Ewer Made for the Indian Market
The ewer is elegant in shape, with a pear-shaped body, long slender spout, arching handle and lid with knop. Its form is not Chinese, but derives from India, and it was for clients in this region that the vessel was made.
Its surface is painted with a wide variety of coloured enamels. The technique of painting with enamels on a metal base first developed in northern Europe during the Renaissance. European missionaries, foremost among them the Jesuits, started to bring European enamelled metal objects to China as official gifts in the late seventeenth century. These included things that were unknown to the Chinese, such as watches, clocks and religious scenes. Both the technique and the artefacts were seen as rare and precious, and several enamelled watches and clocks are still preserved in the collections of the imperial family in the Forbidden City in Beijing.1 An imperial workshop to replicate such treasures was set up.2 Chinese craftsmen had already attained a high level of skill in enamelling porcelain, so adoption of this new technique on copper was rapid. However, the imperial workshop could only manufacture a limited number of pieces, and as the taste for painted enamels on a metal base spread, larger premises appeared in the southern port city of Guangzhou (Canton). The city catered to Chinese clients but also to a wide variety of contacts abroad, whose ships arrived daily from Southeast Asia, the Middle East and Europe.

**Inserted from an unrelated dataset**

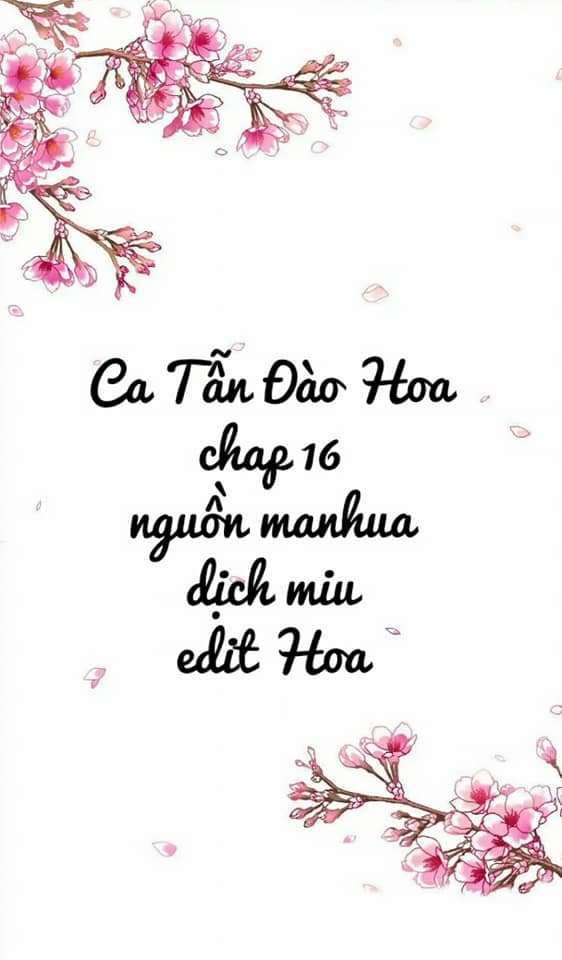 Ca Tẫn Đào Hoa Chapter 16 - Trang 0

Decorating enamelled copper vessels such as this ewer followed the same process as porcelain. After the initial firing, designs would be laid down in dark outline and the piece would be passed through the hands of several artisans, each specialised in the drawing of different designs. Some were expert in flower decoration, others in figurative or geometric patterns. The decoration was then coloured with different enamels, each based on a different powdered metal oxide mixed with water or oil, to give a paste that could easily be laid down on the surface.3
The decoration on the piece is subtle and elaborate. Tear-shaped repoussé panels on each side contain delicately painted peonies, peaches, chrysanthemums and day lilies. These plants convey wishes for wealth, nobility, long life and maternal devotion. Round the neck and foot are further floral bands, while the body is decorated as if draped with swathes of precious textiles that are looped and tied. This manner of non-figural decoration would have been suitable for Muslim clients, and would have been attractive to them, even if the Chinese symbolic meanings of the designs were not apparent.
1. Wan-go Weng. 1982. The Palace Museum: Peking, Treasures of the Forbidden City. New York: Harry N. Abrams.
2. Hugh Moss. 1976. By Imperial Command: An Introduction to Ch’ing Imperial Enamels. Hong Kong: Hibiya.
3. Jorge Welsh (ed.). 2015. China of All Colours. Painted Enamels on Copper. London and Lisbon: Jorge Welsh Research and Publishing. pp.26-28.